In normal operation of the engine 16, the camshaft rotates and the cam lobes engage with the rollers on the rocker arms that are associated with the intake valves, which are thereby lifted from their seats. The cam lobes do not cause the rocker arms associated with the exhaust valves to pivot at this rotational position of the camshaft such that the exhaust valves remain seated. During the intake stroke, the pistons 38 are moved downward creating a partial vacuum that draws a fuel/air mixture (or air alone) through the intake valve openings and into the combustion chambers. Once the camshaft rotates such that the cam lobes no longer engage with the rollers on the intake rocker arms sufficiently to effect pivoting, springs cause the intake valves to move upward and reseat onto their seats. During the compression stroke, the fuel/air mixture (or air alone) is compressed to the top of the combustion chambers by the pistons 38 moving upward, thereby reducing the volume of the combustion chambers. Towards the end of this movement, near top dead center, fuel is injected (if only air was present previously) and the fuel/air mixture is ignited, by a spark plug or by compressive self-ignition. When the ignited air/fuel mixture expands, the pistons 38 are pushed downwards, and this causes the expansion or power stroke that creates the engine power. The camshaft is in an angular orientation such that the cam lobes are not in contact with the rollers so as to not pivot the rocker arms or lift the valves 42 during the combustion stroke. During the exhaust stroke, the camshaft is in an angular orientation in which the cam lobes engage with the rollers associated with the exhaust valves, which are lifted from their seats. During the exhaust stroke, the pistons 38 are moved upward, forcing the gases that were created during the expansion or power stroke out of the combustion chambers through the exhaust valve openings after which the exhaust cam lobes are rotated until they no longer engage with the rollers so that the springs reseat the exhaust valves. The four-stroke cycle then repeats continuously during normal engine operation.

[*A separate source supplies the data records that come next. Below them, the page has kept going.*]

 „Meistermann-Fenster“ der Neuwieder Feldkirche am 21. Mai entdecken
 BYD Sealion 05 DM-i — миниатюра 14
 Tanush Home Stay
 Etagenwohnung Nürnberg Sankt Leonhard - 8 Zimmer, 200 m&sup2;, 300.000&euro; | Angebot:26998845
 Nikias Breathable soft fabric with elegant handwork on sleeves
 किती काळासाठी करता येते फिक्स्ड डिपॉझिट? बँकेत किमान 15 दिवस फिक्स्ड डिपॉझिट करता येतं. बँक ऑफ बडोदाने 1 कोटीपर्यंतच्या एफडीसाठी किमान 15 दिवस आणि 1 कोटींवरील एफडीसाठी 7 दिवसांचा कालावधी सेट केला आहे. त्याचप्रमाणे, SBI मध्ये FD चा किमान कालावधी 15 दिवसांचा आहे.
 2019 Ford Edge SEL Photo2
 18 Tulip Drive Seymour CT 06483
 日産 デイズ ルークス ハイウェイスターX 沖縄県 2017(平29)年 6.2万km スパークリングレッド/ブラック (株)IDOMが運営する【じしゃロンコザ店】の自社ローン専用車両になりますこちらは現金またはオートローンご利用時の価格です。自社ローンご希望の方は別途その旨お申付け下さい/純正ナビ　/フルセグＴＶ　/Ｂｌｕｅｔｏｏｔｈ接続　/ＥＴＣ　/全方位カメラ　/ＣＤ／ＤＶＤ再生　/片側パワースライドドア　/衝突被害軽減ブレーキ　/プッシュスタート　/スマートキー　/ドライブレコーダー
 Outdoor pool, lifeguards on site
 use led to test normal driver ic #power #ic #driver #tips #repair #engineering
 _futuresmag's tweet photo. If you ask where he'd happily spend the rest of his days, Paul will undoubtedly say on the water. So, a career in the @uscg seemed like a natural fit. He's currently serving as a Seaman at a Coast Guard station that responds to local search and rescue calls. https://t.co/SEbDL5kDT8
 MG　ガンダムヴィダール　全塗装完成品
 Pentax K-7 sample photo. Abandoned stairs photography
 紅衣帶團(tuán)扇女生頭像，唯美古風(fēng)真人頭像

Fuel is delivered to the cylinders 36 in the aforementioned manner by a fuel delivery system 50 that includes a fuel pump 52 driven by engine power and a fuel injection assembly 54 through which the fuel pump 52 flows fuel routed through various fuel lines from a fuel tank (not shown). The fuel injection assembly includes a fuel rail 56 that may be a single rail member or an assembly of like or dissimilar rail members that define one or more hollow interior cavities or passages that are part of a fuel flow circuit joined by fuel lines 60. Coupled to the fuel rail 56 in the manner described below are an array of fuel injectors 58, typically one for each cylinder 36. The fuel injectors 58 are of conventional construction commercially available from various manufacturers, such as Denso Corporation of Kariya, Aichi, Japan. The fuel injectors 58 are in fluid communication with the internal cavities or passages of the fuel rail 56 and extend through injector cavities 62 in the cylinder head 32 that open to the combustion chambers of the cylinders 36. The fuel injectors 58 have spray nozzles 64 that meter a spray of fuel into the combustion chamber of each cylinder 36 in the volume and at the timing designated by the control system 24 to effect the repeated combustion cycle of the engine 16.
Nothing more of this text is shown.